Just five or six years ago, people were talking about a donut as a symbol of the New South! Not the gleaming skyline of Atlanta, Georgia, or laboratories in North Carolina's Research Triangle. A donut: that puffy breakfast pastry with a hole in the middle.

Specifically, a Krispy Kreme donut, because this delicacy, often served hot from fryers throughout the American Southeast, was spreading like wildfire around the world. In 2000, the company took its stock public, and people rushed to buy the initial offering at $21 a share. By 2004, the price had more than doubled, the company was reporting almost $100 million in annual profit, and the number of Krispy Kreme shops had tripled to 400, as far away as South Korea.

Forbes magazine called Krispy Kremes the Stradivarius of doughnuts.
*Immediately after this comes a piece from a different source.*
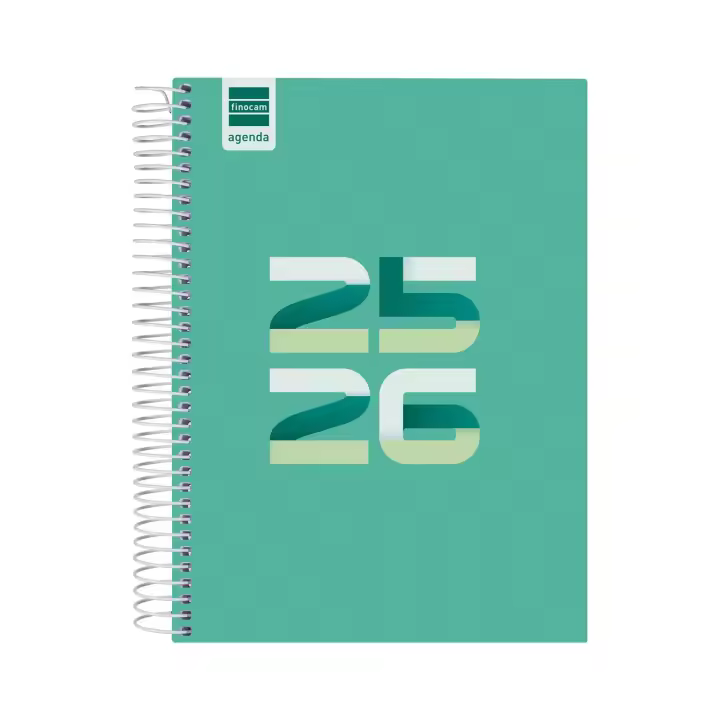 Finocam - Agenda Cool Curso 2025 2026 Verde Septiembre 2025 - Junio 2026 (curso lectivo) + Julio y Agosto resumidos Catalán - 1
The New York Times newspaper wrote that Krispy Kremes are to donuts what angels are to people. Customers drove frantically around town, hoping to catch the moment that a Krispy Kreme neon window sign would flash on. The sign read "hot," meaning donuts were fresh and piping hot.

That sign still pops on at Krispy Kreme outlets, but the brand is nowhere near as hot as it once was. A low-carbohydrate diet craze in 2004 ate into sales. Then federal regulators launched an investigation into alleged padding of sales figures. Before long, the stock price wasn't $40. It was $6. This year it has wavered around $10 or $11 a share. Analysts wrote that Krispy Kreme killed the product's mystique by putting the donuts too many places, too fast.

So these are difficult times at the 70-year-old company that makes those glazed, molten Krispy Kremes that still roll -- hot and sticky and nearly irresistibly -- off the assembly line.